Short descriptive text snippets
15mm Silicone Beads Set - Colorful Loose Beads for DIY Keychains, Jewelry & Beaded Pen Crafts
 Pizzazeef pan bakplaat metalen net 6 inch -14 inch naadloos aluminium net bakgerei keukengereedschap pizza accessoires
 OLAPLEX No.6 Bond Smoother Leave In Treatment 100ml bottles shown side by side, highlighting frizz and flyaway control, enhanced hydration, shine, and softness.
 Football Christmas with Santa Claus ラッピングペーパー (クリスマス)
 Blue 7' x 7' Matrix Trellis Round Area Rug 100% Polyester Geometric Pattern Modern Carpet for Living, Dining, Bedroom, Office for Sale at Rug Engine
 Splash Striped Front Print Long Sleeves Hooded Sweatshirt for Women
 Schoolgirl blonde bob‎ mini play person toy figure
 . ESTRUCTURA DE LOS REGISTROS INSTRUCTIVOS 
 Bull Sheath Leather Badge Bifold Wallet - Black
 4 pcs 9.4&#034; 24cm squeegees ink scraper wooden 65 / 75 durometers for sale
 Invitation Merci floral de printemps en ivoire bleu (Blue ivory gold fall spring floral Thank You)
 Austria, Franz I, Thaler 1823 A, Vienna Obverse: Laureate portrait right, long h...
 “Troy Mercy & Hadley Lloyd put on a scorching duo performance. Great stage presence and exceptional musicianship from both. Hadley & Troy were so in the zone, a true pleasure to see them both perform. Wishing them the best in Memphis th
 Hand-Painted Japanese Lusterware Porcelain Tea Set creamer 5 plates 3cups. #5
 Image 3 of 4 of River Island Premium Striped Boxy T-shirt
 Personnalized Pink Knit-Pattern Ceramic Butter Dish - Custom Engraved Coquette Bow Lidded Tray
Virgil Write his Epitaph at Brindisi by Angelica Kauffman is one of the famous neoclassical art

What is required
Each line of the entries above that contains "Striped" is to be copied.

Answer section
 Splash Striped Front Print Long Sleeves Hooded Sweatshirt for Women
 Image 3 of 4 of River Island Premium Striped Boxy T-shirt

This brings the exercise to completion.